**Brief:** With the pictures omitted, print exactly the lines below, from the one containing "Sheer Silver Metallic" through the one containing "Serie A - SPAL", and nothing else.

**Data for the task:**
BEGIN
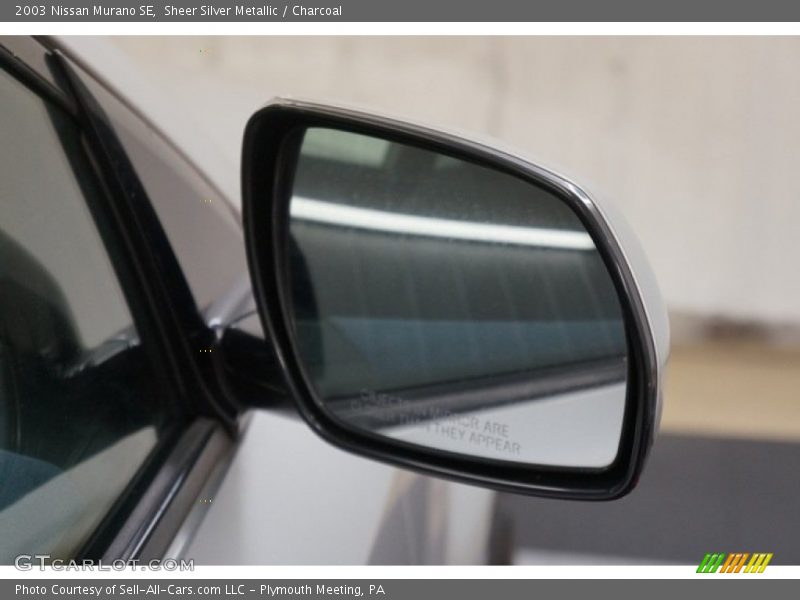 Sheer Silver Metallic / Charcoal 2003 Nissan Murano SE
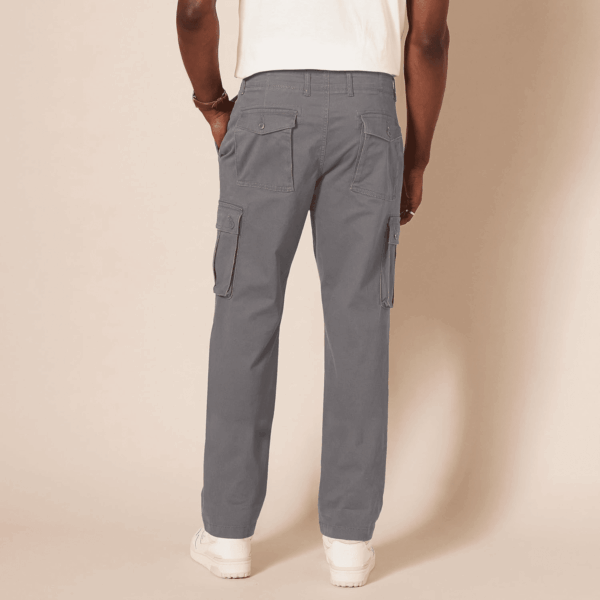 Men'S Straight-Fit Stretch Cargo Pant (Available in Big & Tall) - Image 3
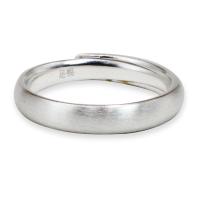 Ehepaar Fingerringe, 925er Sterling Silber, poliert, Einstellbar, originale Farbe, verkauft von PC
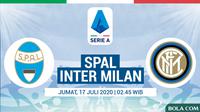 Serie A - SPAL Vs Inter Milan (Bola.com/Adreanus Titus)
END
BEGIN
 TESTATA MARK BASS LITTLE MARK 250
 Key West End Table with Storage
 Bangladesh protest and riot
END
**Solution for this exercise:**
 Sheer Silver Metallic / Charcoal 2003 Nissan Murano SE
 Men'S Straight-Fit Stretch Cargo Pant (Available in Big & Tall) - Image 3
 Ehepaar Fingerringe, 925er Sterling Silber, poliert, Einstellbar, originale Farbe, verkauft von PC
 Serie A - SPAL Vs Inter Milan (Bola.com/Adreanus Titus)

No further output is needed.